### Work instruction
Pictures excluded, reproduce exactly the lines below from the one with "And you can" through the one with "WooCommerce stores allow", both included.

### Dataset content
━━━
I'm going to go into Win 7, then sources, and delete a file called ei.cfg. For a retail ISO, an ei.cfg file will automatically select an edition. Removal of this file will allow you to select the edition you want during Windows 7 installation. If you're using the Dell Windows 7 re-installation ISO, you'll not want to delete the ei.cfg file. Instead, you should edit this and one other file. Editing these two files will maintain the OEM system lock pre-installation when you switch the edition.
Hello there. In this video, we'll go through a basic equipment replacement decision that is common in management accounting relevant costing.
━━━
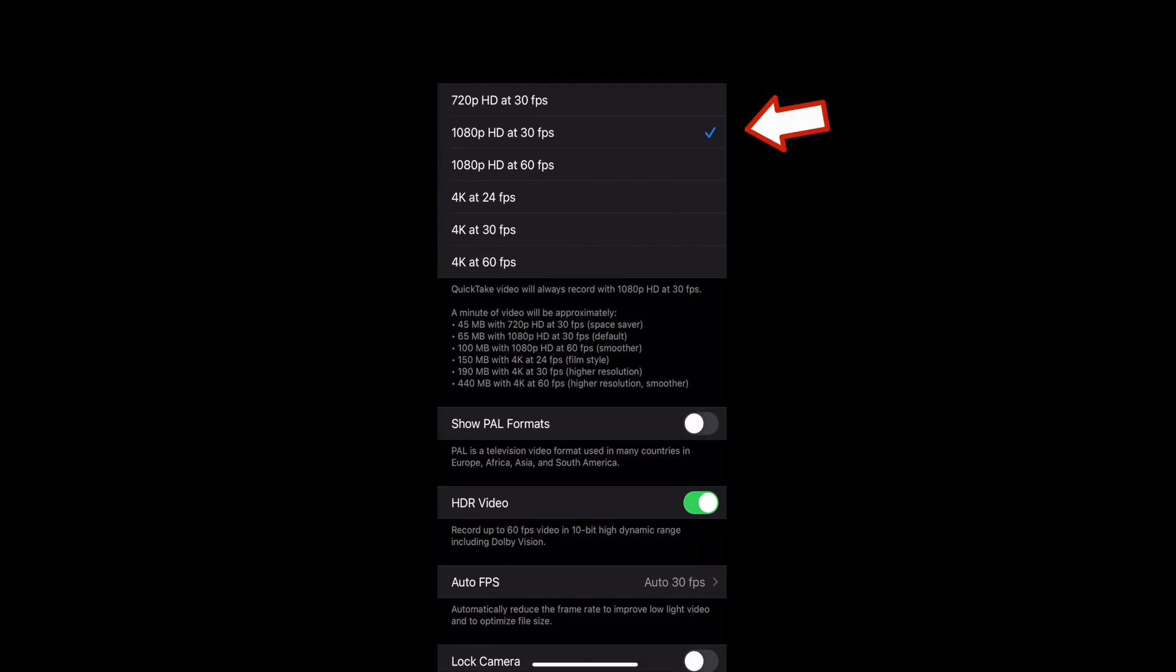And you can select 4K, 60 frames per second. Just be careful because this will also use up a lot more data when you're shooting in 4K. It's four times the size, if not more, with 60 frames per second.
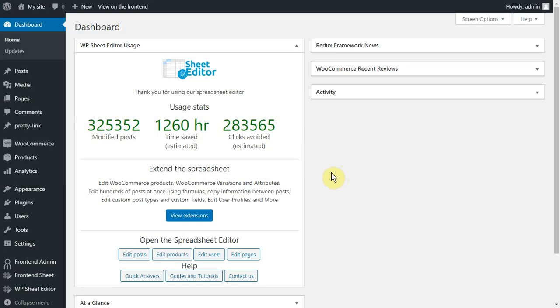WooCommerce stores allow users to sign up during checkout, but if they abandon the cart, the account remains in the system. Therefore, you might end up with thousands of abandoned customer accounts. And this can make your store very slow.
━━━
### Solution to this problem
And you can select 4K, 60 frames per second. Just be careful because this will also use up a lot more data when you're shooting in 4K. It's four times the size, if not more, with 60 frames per second.
WooCommerce stores allow users to sign up during checkout, but if they abandon the cart, the account remains in the system. Therefore, you might end up with thousands of abandoned customer accounts. And this can make your store very slow.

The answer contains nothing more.